- Instructions to follow
Restate, word for word and with no pictures, the stretch of lines in the data below that begins at the line with "A spacious room" and ends at the line with "Spacious living room", inclusive.

********************

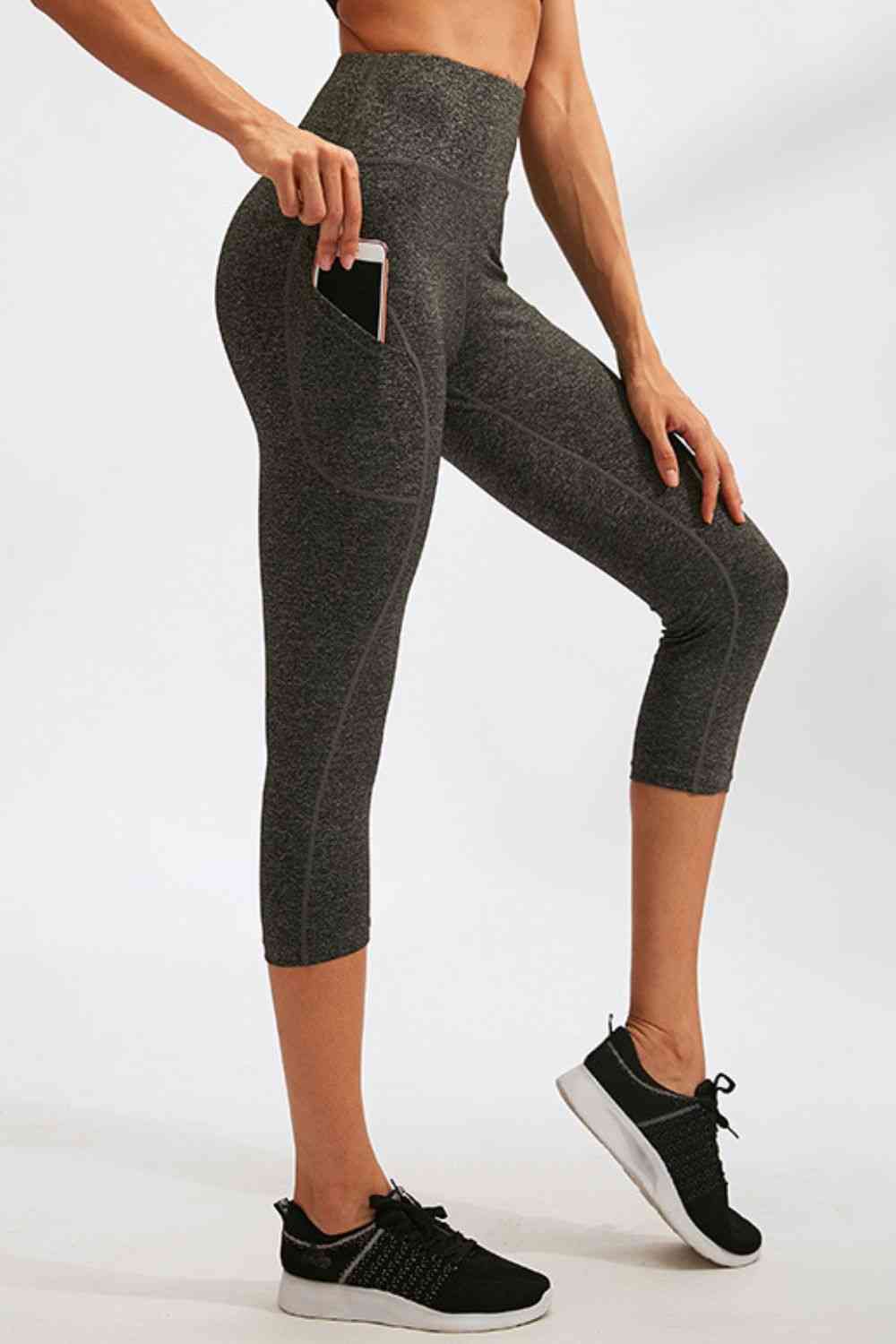 Legging actif coupe slim à large taille et poches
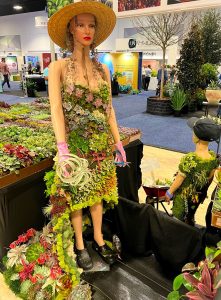 Lady in a succulent dress at TPIE 2023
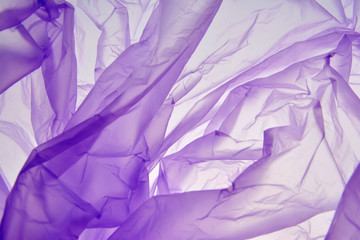 Plastic bag. Purple background. The color splashing. Texture for Valentine day or wedding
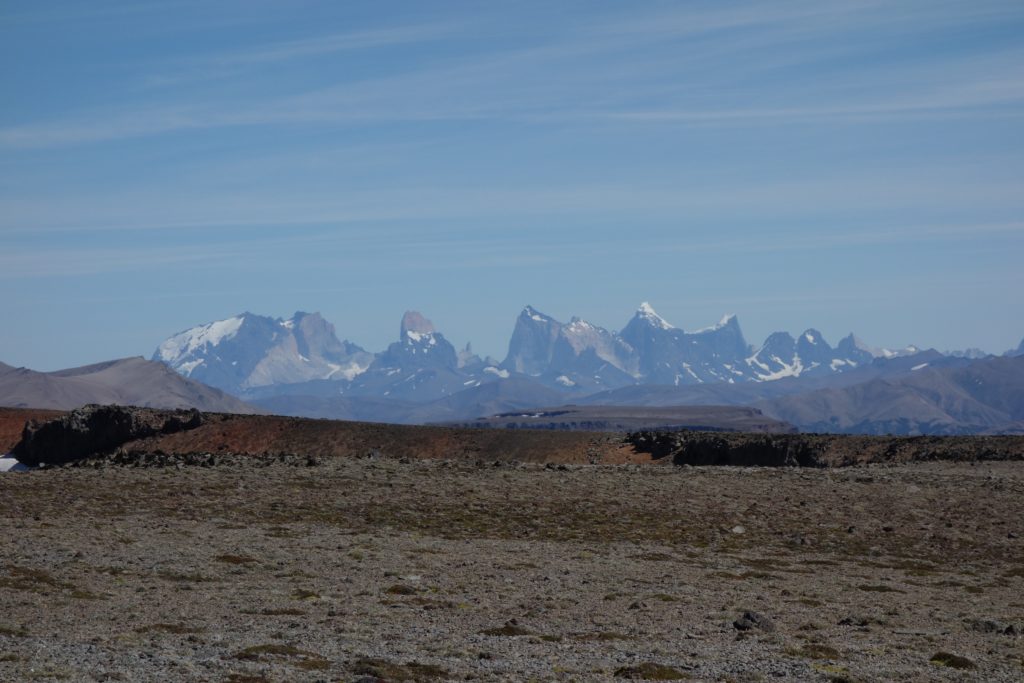 The peaks of Torres del Paine (background) seen from atop a basalt plateau (foreground). The Torres del Paine preserve an ancient magma chamber spectacularly exposed in 3-D. Even 150 km away, we could distinguish the intrusive magmatic rocks (pale colours) and the sedimentary rocks they were intruded into (dark colours). 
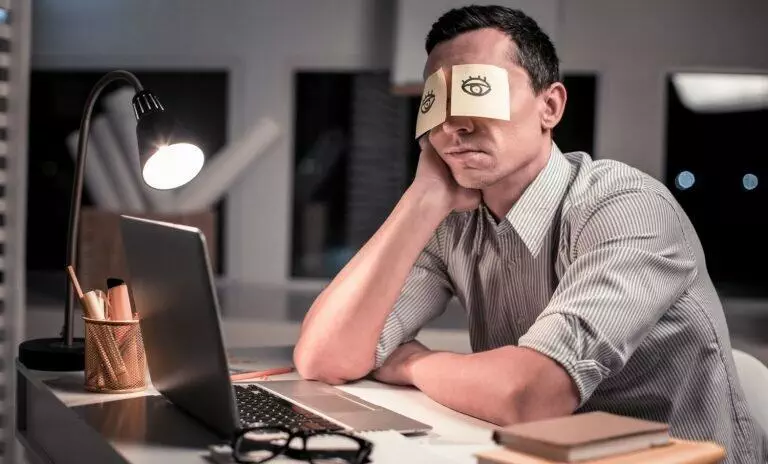 tired man on desk with paper stuck in eyes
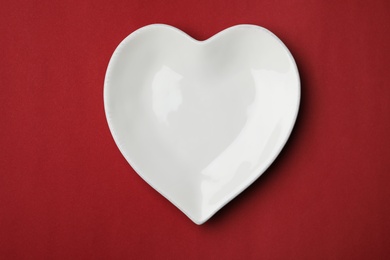 Heart shaped plate on color background, top view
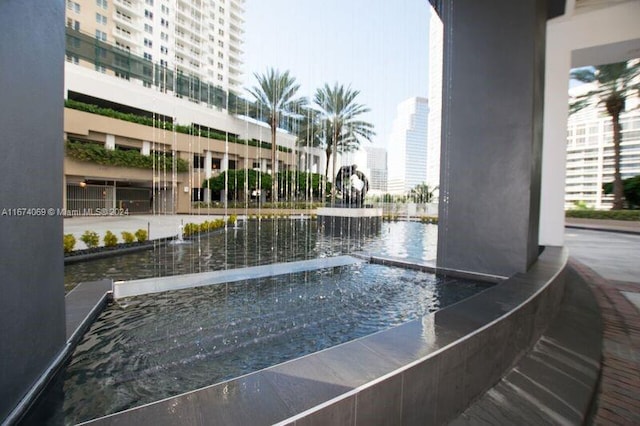 view of swimming pool featuring a water view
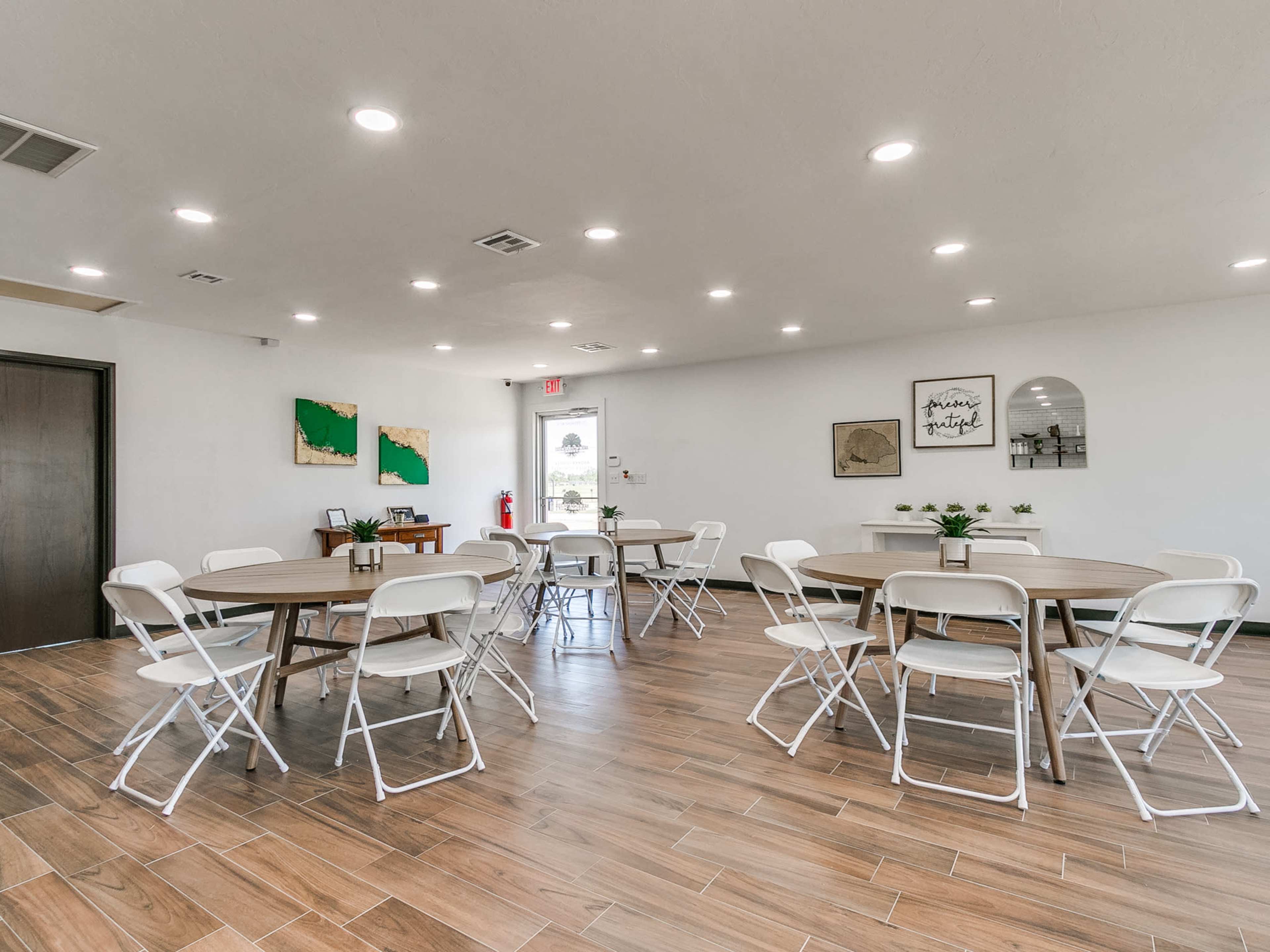 A spacious room with several round tables surrounded by white chairs, decorated with wall art and plants.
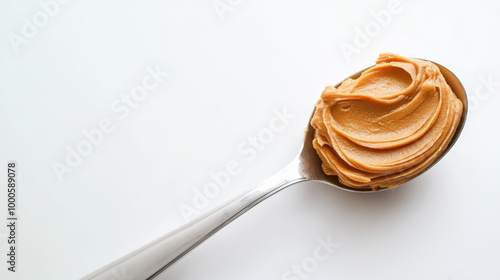 A spoonful of creamy peanut butter sits atop a silver spoon, against a clean white background, ready to be enjoyed.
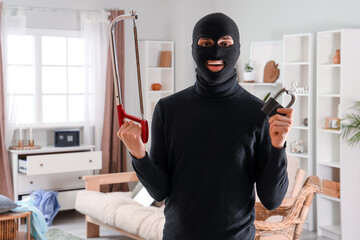 Male thief with hacksaw and broken lock in room - obrazy, fototapety, plakaty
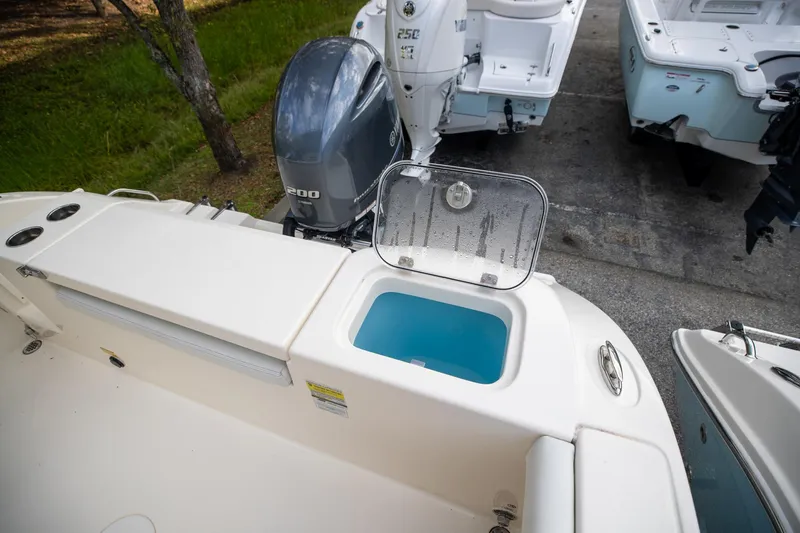 Slide: The Image of 2024 Cobia 220 CC boat with open livewell and Yamaha outboard motor. - 9
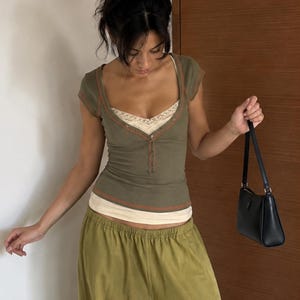 Peut inclure: Un haut henley à manches courtes vert olive avec une encolure dégagée, superposé sur un caraco crème bordé de dentelle. La tenue comprend un pantalon vert olive ample à taille élastique et un petit sac à main noir porté à l'épaule.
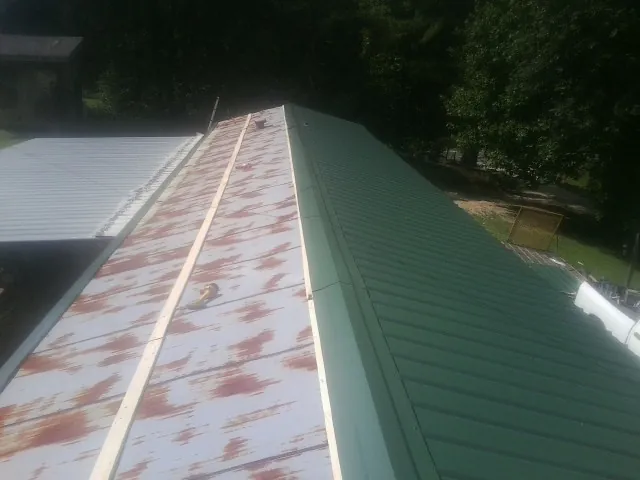 Old rusted panels beside newly installed green metal roofing — Wind Damage Roof Repair by Roofing Brothers in Stamping Ground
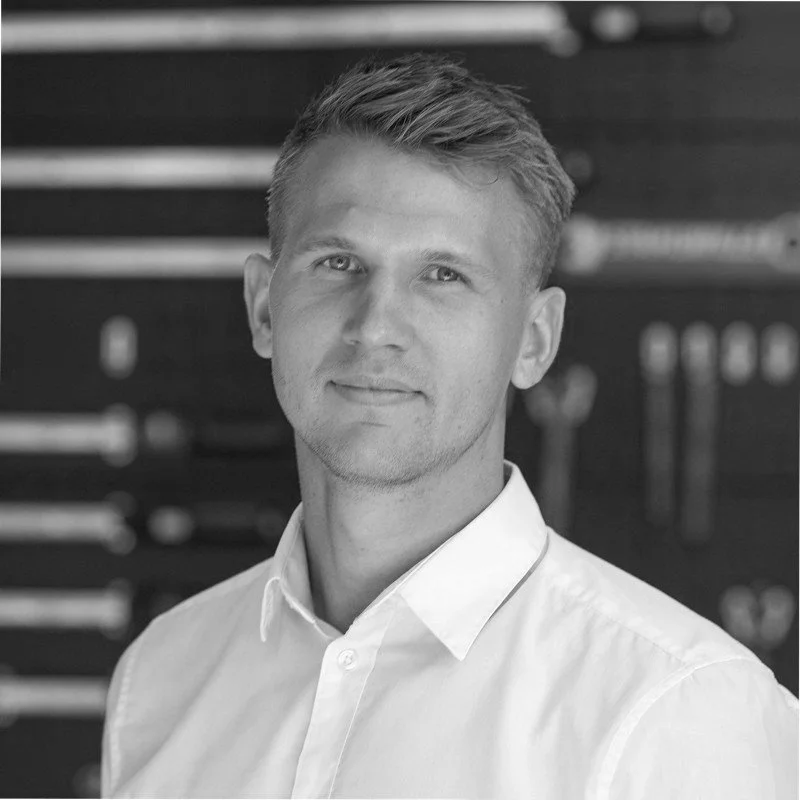 Black and white photo of a young man with short hair, wearing a white collared shirt, standing in front of a wall with tools hanging on it.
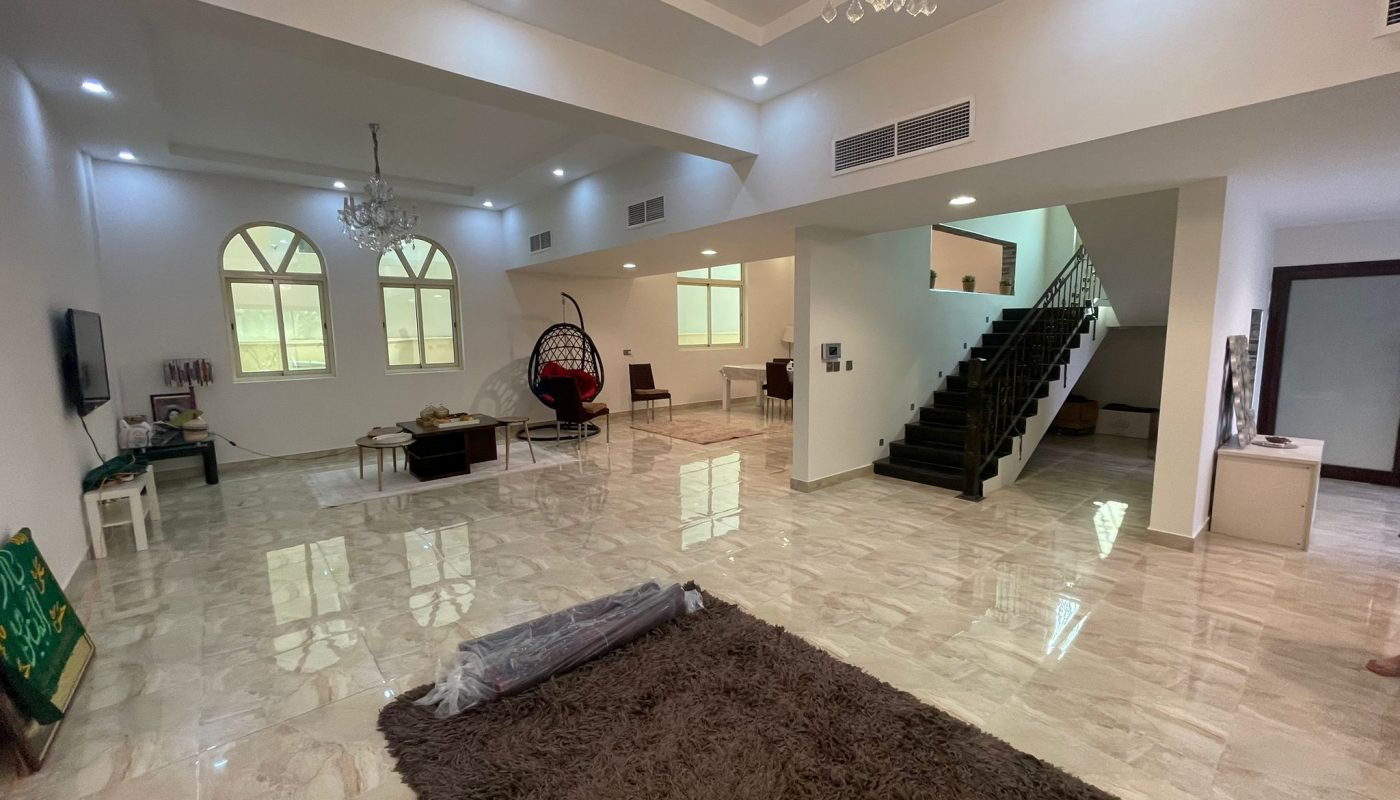 Spacious living room with marble floors, modern furniture, a large staircase, chandeliers, and multiple windows letting in natural light.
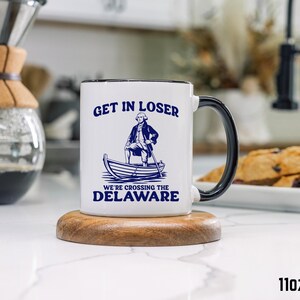 Pu&ograve; includere: Tazza in ceramica bianca con manico e bordo neri. La tazza presenta il testo "GET IN LOSER" sopra un'illustrazione di un uomo in barca, con il testo "WE'RE CROSSING THE DELAWARE" sotto. La tazza &egrave; di 312 grammi.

********************

- Answer to this exercise
 A spacious room with several round tables surrounded by white chairs, decorated with wall art and plants.
 A spoonful of creamy peanut butter sits atop a silver spoon, against a clean white background, ready to be enjoyed.
 Male thief with hacksaw and broken lock in room - obrazy, fototapety, plakaty
 Slide: The Image of 2024 Cobia 220 CC boat with open livewell and Yamaha outboard motor. - 9
 Peut inclure: Un haut henley à manches courtes vert olive avec une encolure dégagée, superposé sur un caraco crème bordé de dentelle. La tenue comprend un pantalon vert olive ample à taille élastique et un petit sac à main noir porté à l'épaule.
 Old rusted panels beside newly installed green metal roofing — Wind Damage Roof Repair by Roofing Brothers in Stamping Ground
 Black and white photo of a young man with short hair, wearing a white collared shirt, standing in front of a wall with tools hanging on it.
 Spacious living room with marble floors, modern furniture, a large staircase, chandeliers, and multiple windows letting in natural light.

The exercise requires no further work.